Monday, July 25, 2011

Some Stategies for Survival

Taken from here

Living at home for longer
Moving out of the family home as a young adult, going it alone costs money. In 2007 over 1.6 new households were formed, which was more or less in line with the average of 1.5 million over the previous decade. Last year, however, only 357,000 new households emerged, “down 78% from 2007 and down 76% from the prior 10-year average.” New households being formed has hit its lowest level in 40 years. Young college grads, facing dismal job prospects, are also being forced to move back in with their parents in increasing numbers. According to CNN, “a whopping 85% of college seniors planned to move back home with their parents after graduation last May,” a rate that has “steadily risen from 67% in 2006.”

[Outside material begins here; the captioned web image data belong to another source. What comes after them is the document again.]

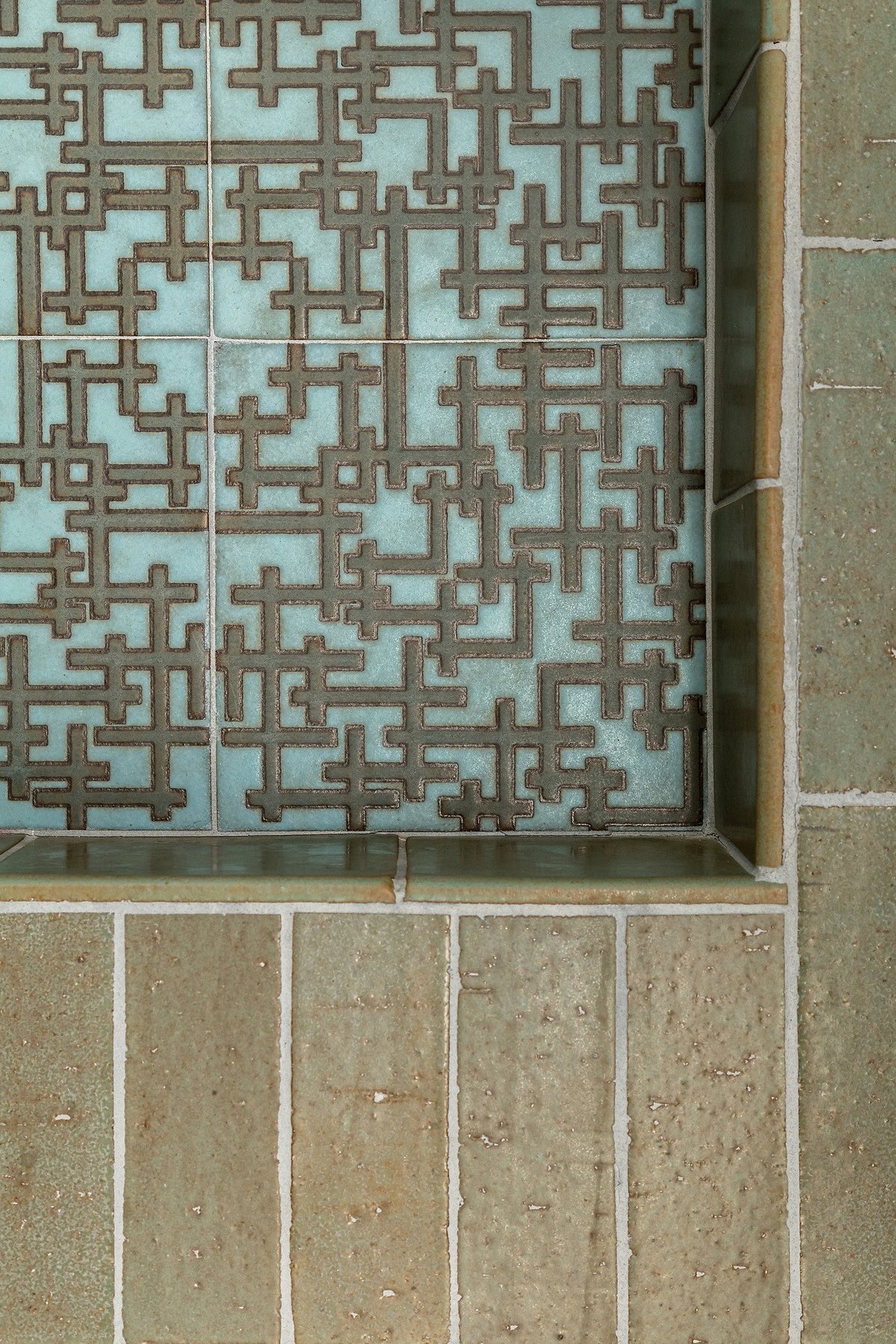 Deco tile and Chrome brick up close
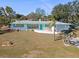 Inviting single-story home featuring a well-manicured lawn, turquoise trim, and attached garage at 5724 25Th W St, Bradenton, FL 34207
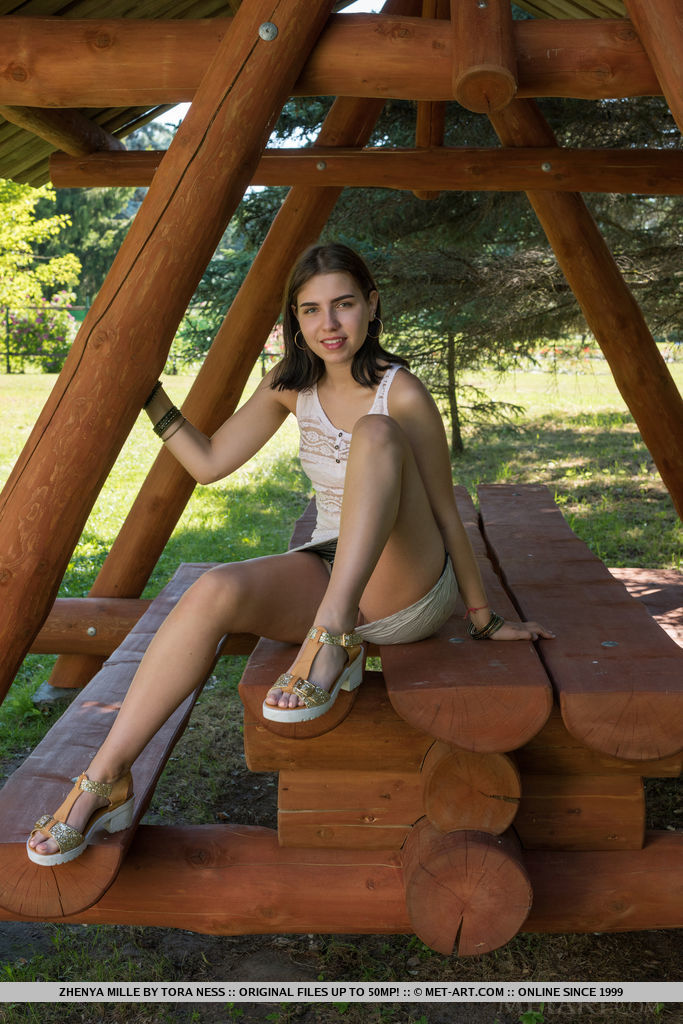 Young brunette Zhenya Mille disrobes for nude poses on picnic table porn photo #424725202
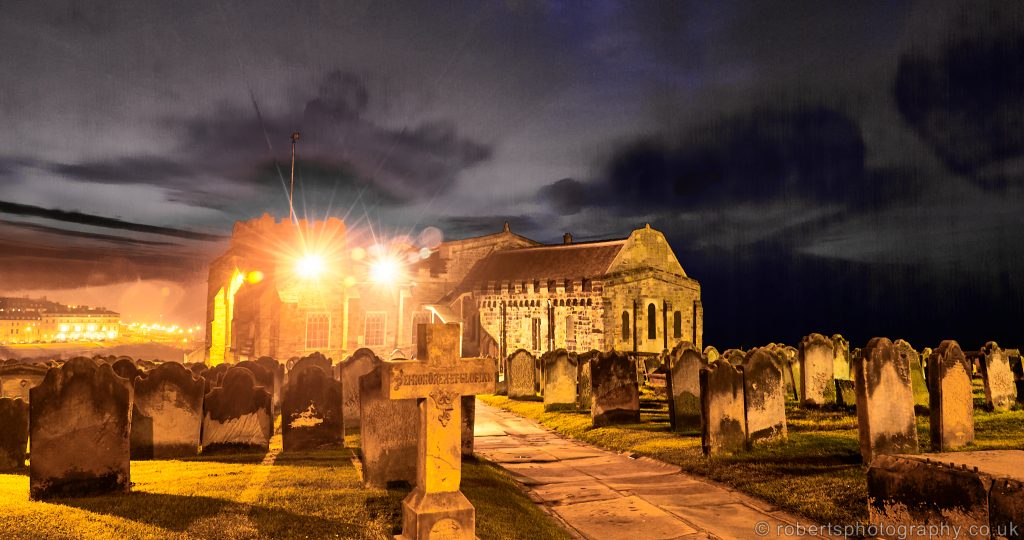 Night view of Whitby Abbey and Gravestones.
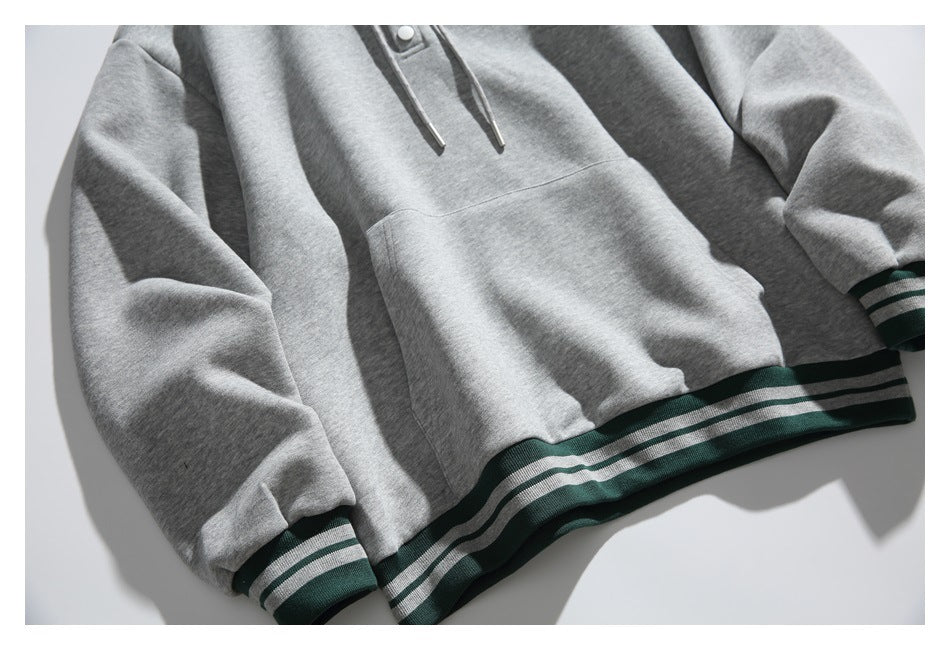 Close-up of the gray hoodie’s kangaroo pocket and green-and-gray striped cuffs and hem.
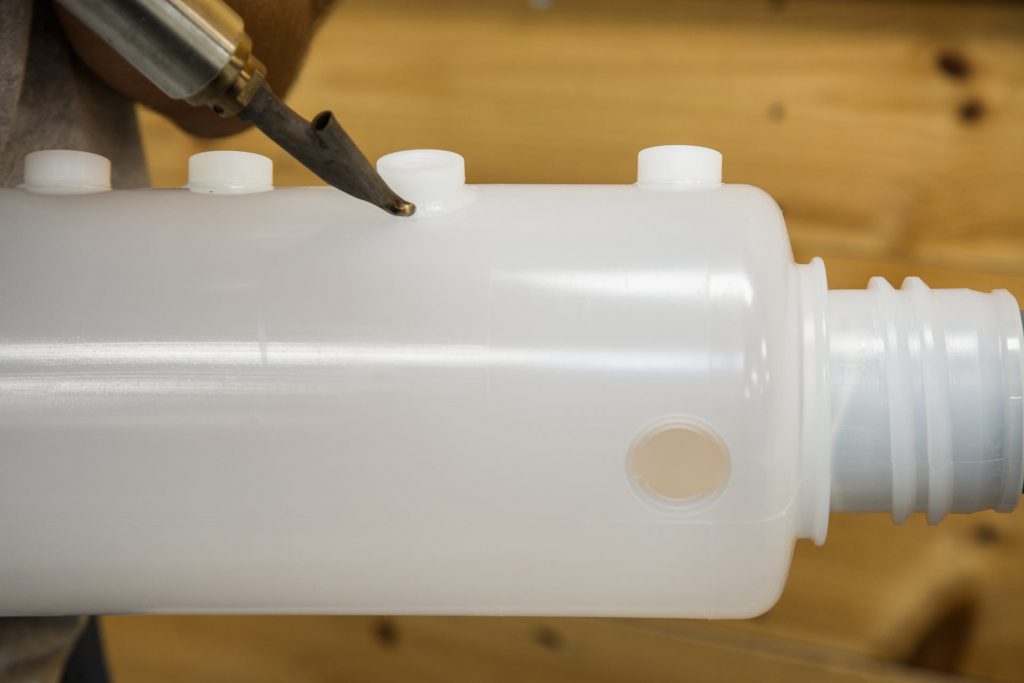 Plastic Welding a Level-Sensing Container Carboy & Bottle Assembly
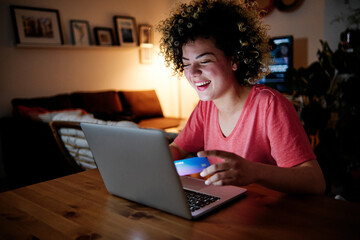 Cheerful young woman with laptop doing online shopping at home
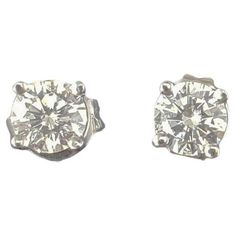 14 Karat White Gold Round Brilliant Diamond Stud Earrings- These sparkling stud earrings each feature one round brilliant cut diamond set in classic 14K white gold. Push back closures. Approximate total diamond weight: .50 ct. Diamond color: J-K Diamond clarity: SI1 Size: 4 mm Weight: 0.5 dwt./ 0.8 gr. Stamped: 14K Very good condition, professionally polished. Will come packaged in a gift box or pouch (when possible) and will be shipped U.S. Priority Mail Insured. DV06032417KCS Diamond Stud Earrings, Diamond Set, Diamond Stud, Brilliant Diamond, Round Brilliant Cut Diamond, Diamond Clarity, Diamond Earrings Studs, Brilliant Cut Diamond, Diamond Studs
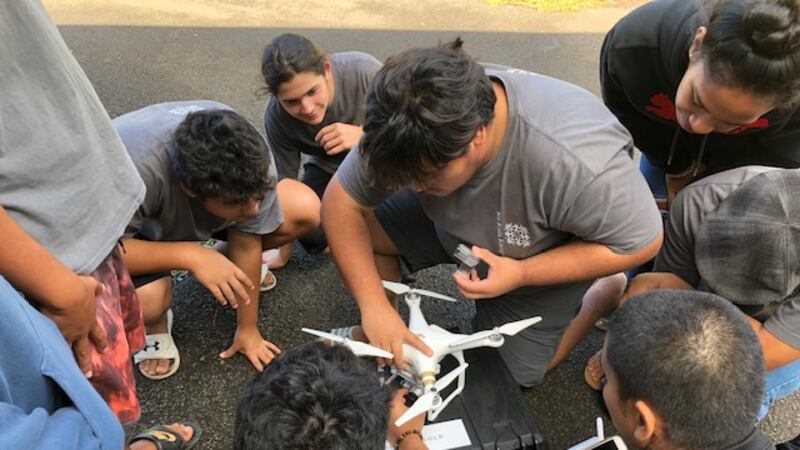 High school students from Ke Kula Kaiapuni O Anuenue School prepare a drone for flight....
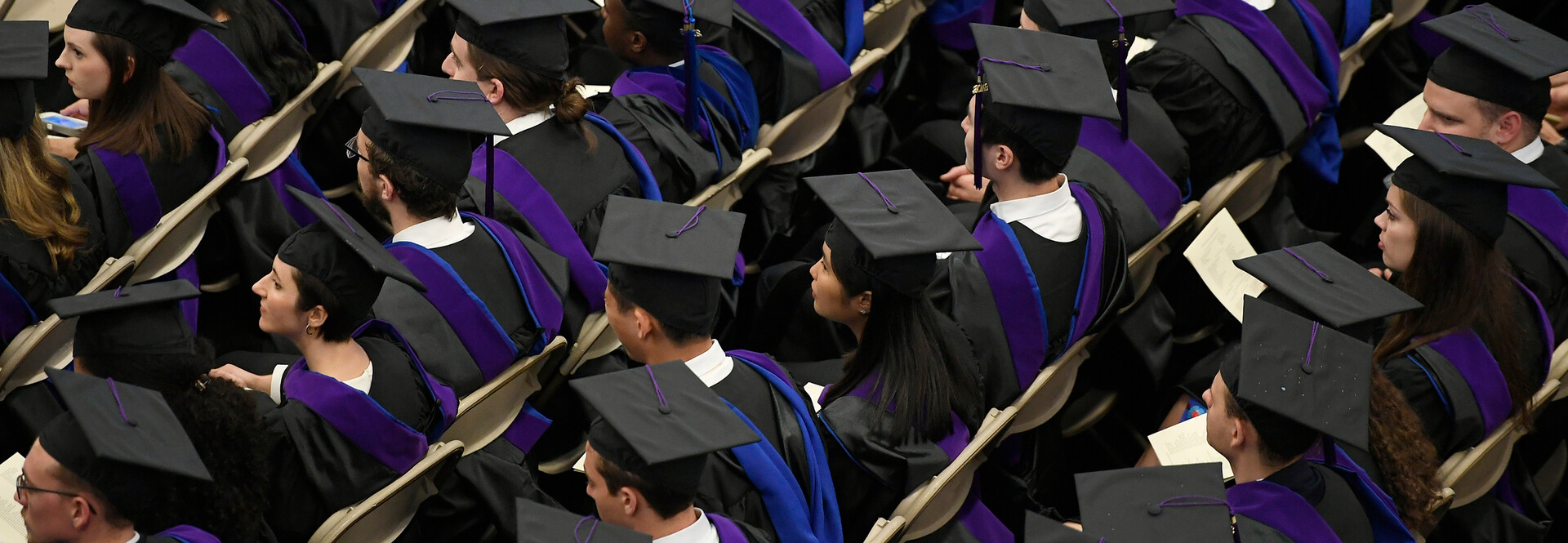 students seated in caps and gowns at Commencement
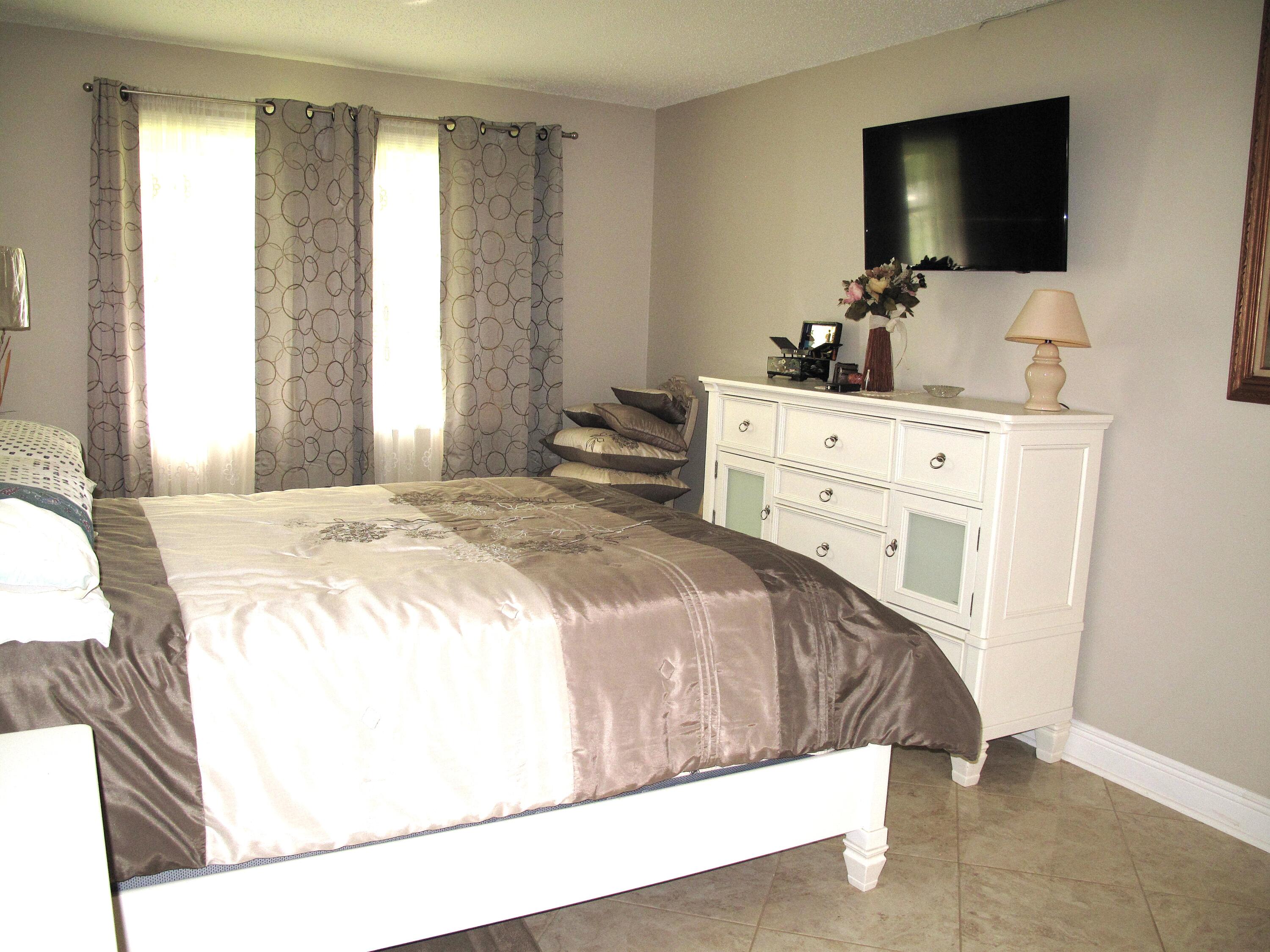 892 North High Point Boulevard North, Unit D Delray Beach, FL 33445 - Photo 30 of 44 a bedroom with a bed and a flat screen tv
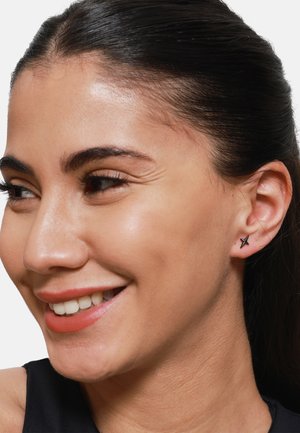Orecchini a stella nera a forma di chiodo esposti su una persona dalla pelle liscia, che mostrano il design minimalista degli orecchini e la loro finitura lucida e discreta.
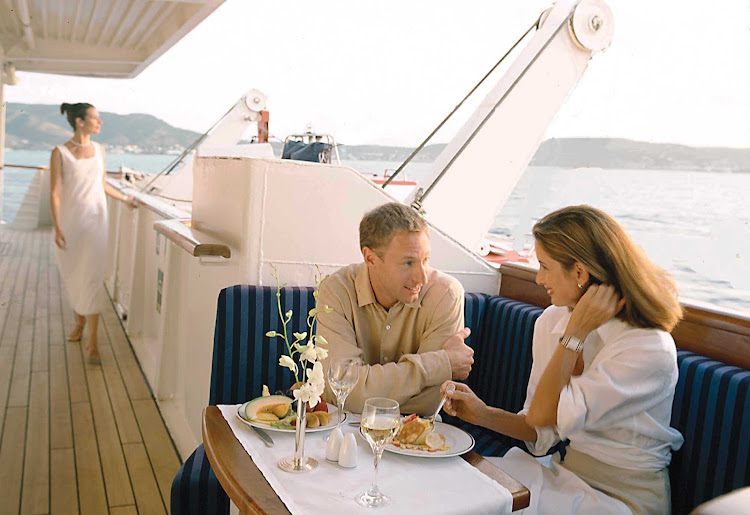 Enjoy private al fresco dining options such as this alcove on board your SeaDream cruise.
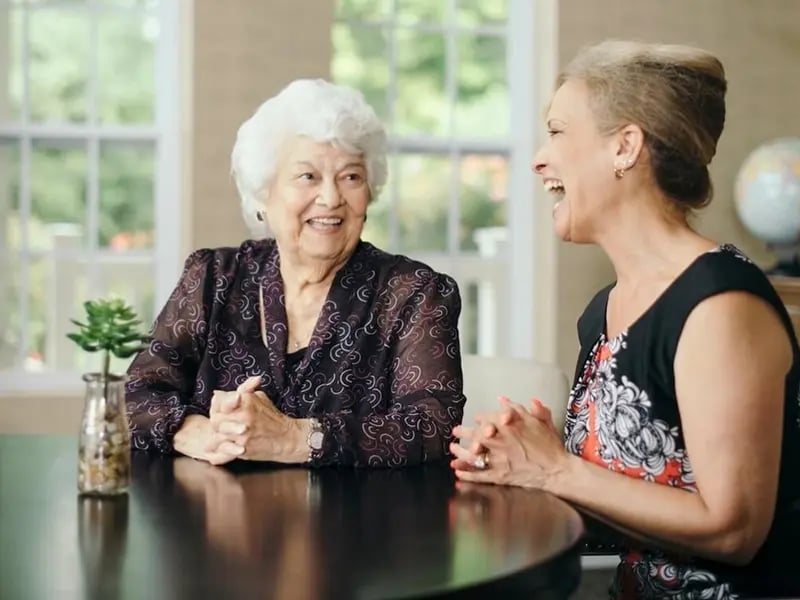 A resident and a caregiver sitting and smiling together at a dining room table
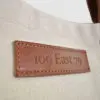 natural canvas tote bag with tan colour PU leather embossed badge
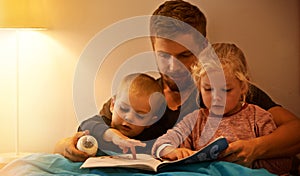 Once upon a time...A father reading a bedtime story to his kids.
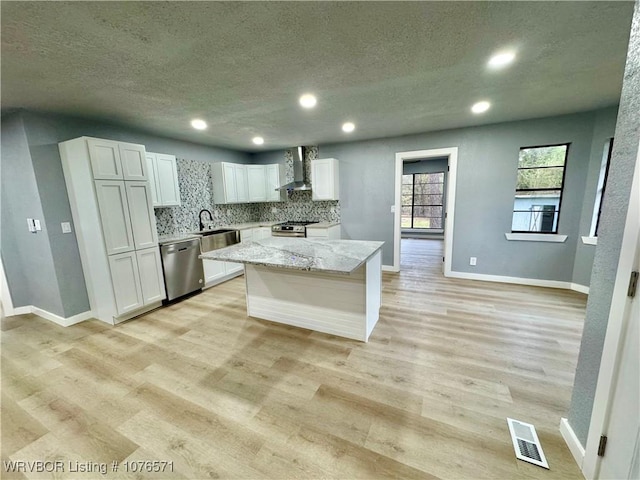 kitchen featuring appliances with stainless steel finishes, a kitchen island, white cabinetry, and wall chimney exhaust hood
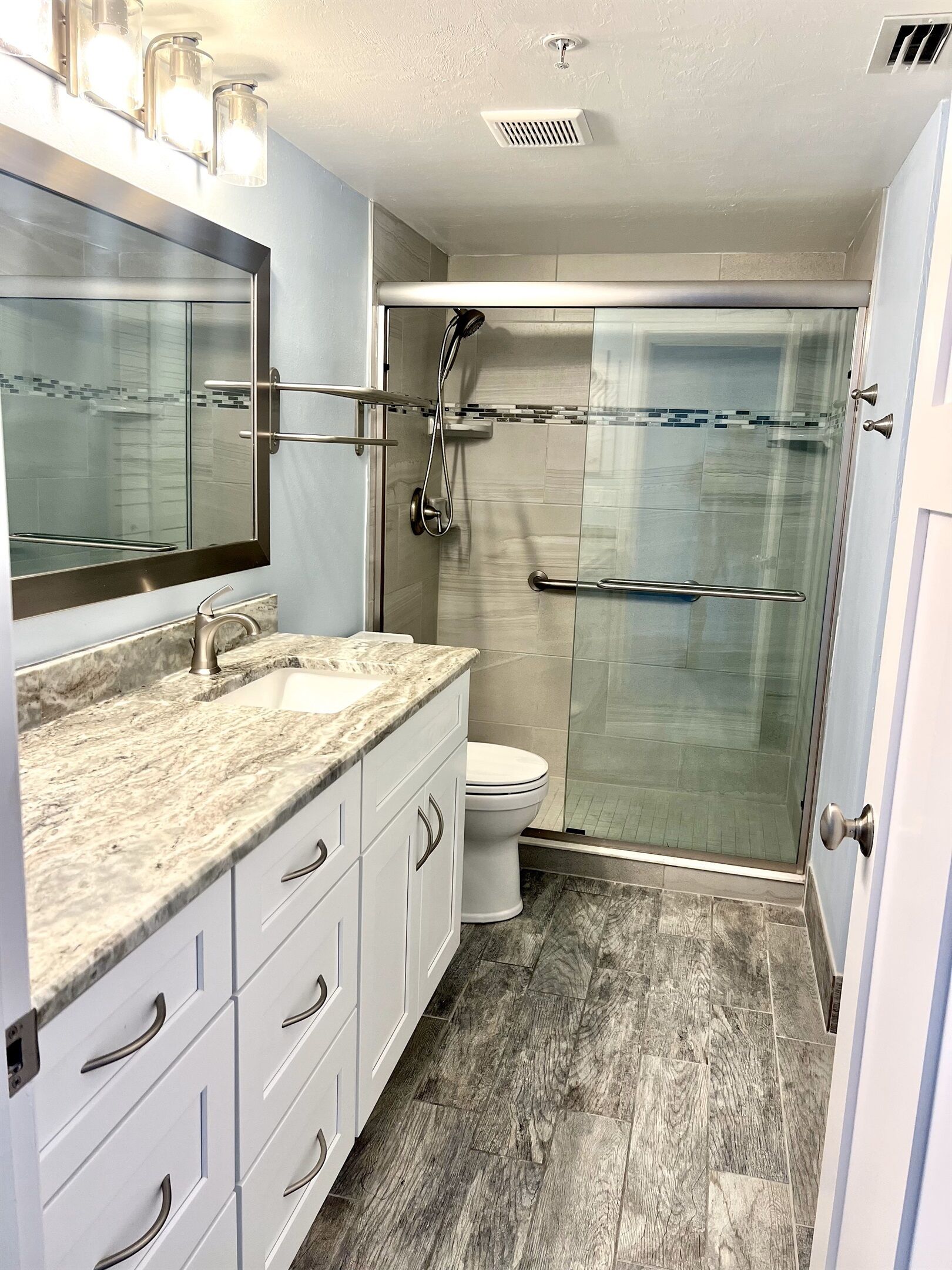 Une salle de bain moderne avec une douche à parois de verre, des toilettes blanches et un comptoir en marbre.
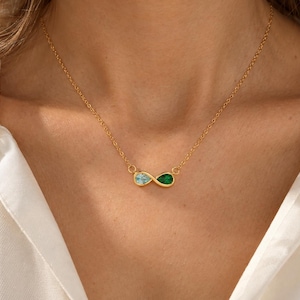 Peut inclure: Un collier à chaîne dorée avec un pendentif en forme de symbole infini. Le pendentif est orné d'une pierre bleu clair en forme de poire et d'une pierre vert émeraude en forme de poire, reliées par une fine chaîne à maillons dorés.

Sharing and taking a lodger
Facing layoffs and pay cuts more people have turned to shared housing to help make ends meet. Agencies that match landlords looking to rent out a room with tenants eager to find affordable digs are overwhelmed. Dennis Torres, a professor of real estate at Pepperdine University, said that this is probably the beginning of a long-term trend. "People who lost their jobs are renting out rooms in a last-ditch effort to save their property from foreclosure"

Second Jobs
With wages stagnant, more Americans are taking a second job to make ends meet. According to the Bureau of Labor Statistics, the number of U.S. residents who said they had two jobs because of tight financial times was 7.3 million in 2010, up from 4.5 million in 2007, the year the recession began. Twelve percent of workers plan to take a second job this year, according to a survey by CareerBuilder.com. Nor should we over-look the over-time and the extra hours many workers are now engaging in.

Living on credit
Households are again running up the credit cards, taking out lines of credit and sinking deeper into the red. “Consumers, particularly in the lower-income end, are being forced to use their credit cards for everyday spending like gas and food,” said Silvio Tavares, senior vice president at First Data, the largest credit card processor. “That’s because there’s been no other positive catalyst, like an increase in wages, to offset higher prices. It’s a cash-flow problem.”

Do-It-Yourself
DIY, now known as "insourcing", is doing yourself what you once gladly paid others to do. Sales of starter sewing kits have shot up by 30 percent. Landscaping companies have suffered a 7 percent drop in revenue over the past year. More Americans are also growing their own food. Forty-three million American households planned to grow at least some of their own food in 2009, a 19 percent increase from the estimated 36 million who did the year before. Sales of vegetables seeds and starter plants have jumped substantially with 30 percent growth in 2009 and another 15-20 percent last year

But people have a lot of needs that can't be addressed with a second job or a home garden. The Socialist Party doesn't presume to tell workers (including even our own members) what strategy to adopt to survive under capitalism—beyond, of course , urging them to fight back against downward pressures via trade unions, tenants associations and the like. We maintain with confidence that capitalism will not be able to resolve the problems it causes and it is the task of socialists to help create the arguments that keeps socialism relevant.

1 comment:

ajohnstone said...

http://thescotsman.scotsman.com/politics/Azeem-Ibrahim-America-on-brink.6807507.jp?articlepage=2

"In order for this generation to survive, people are having to work longer hours, accept less pay and fewer benefits, and draw down on savings or borrow to the hilt to get by. By 2007, the typical US household owed 138 per cent of its after-tax income. And between 2002 and 2007, American households had withdrawn and spent $2-3tn (£1.2-1.8tn) in equity tied up in their homes."